Content starts

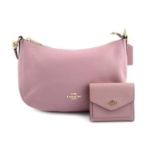 COACH - a pink leather handbag with matching purse.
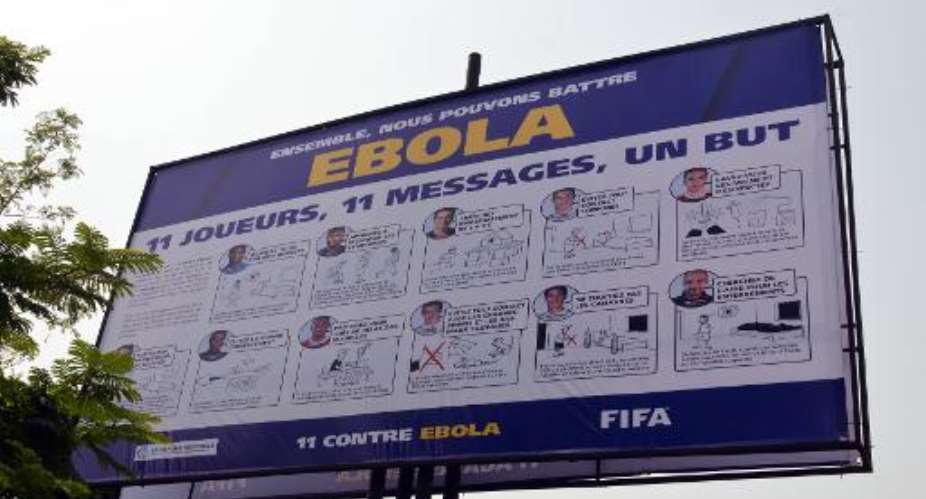 A board bearing the 11 against Ebola, a joint campaign between FIFA, the CAF and health experts, to raise awareness in the fight against Ebola on December 17, 2014.  By Zoom Dosso AFPFile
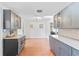 Bright kitchen featuring grey cabinetry, expansive countertops, and unique tiled flooring at 1841 Buccaneer Dr, Sarasota, FL 34231
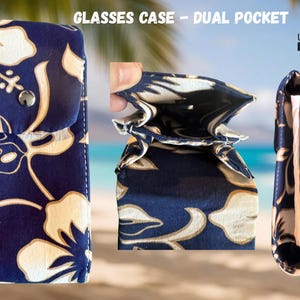 May include: A navy blue glasses case with a dual pocket design. The case features a floral pattern in white and tan. The case is shown in three views: closed, open, and side view. The text "GLASSES CASE - DUAL POCKET" is at the top.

Content ends

TASK DETAILS |
Type the listing above out again exactly, and omit all pictures.

EXERCISE SOLUTION |
 COACH - a pink leather handbag with matching purse.
 A board bearing the 11 against Ebola, a joint campaign between FIFA, the CAF and health experts, to raise awareness in the fight against Ebola on December 17, 2014.  By Zoom Dosso AFPFile
 Bright kitchen featuring grey cabinetry, expansive countertops, and unique tiled flooring at 1841 Buccaneer Dr, Sarasota, FL 34231
 May include: A navy blue glasses case with a dual pocket design. The case features a floral pattern in white and tan. The case is shown in three views: closed, open, and side view. The text "GLASSES CASE - DUAL POCKET" is at the top.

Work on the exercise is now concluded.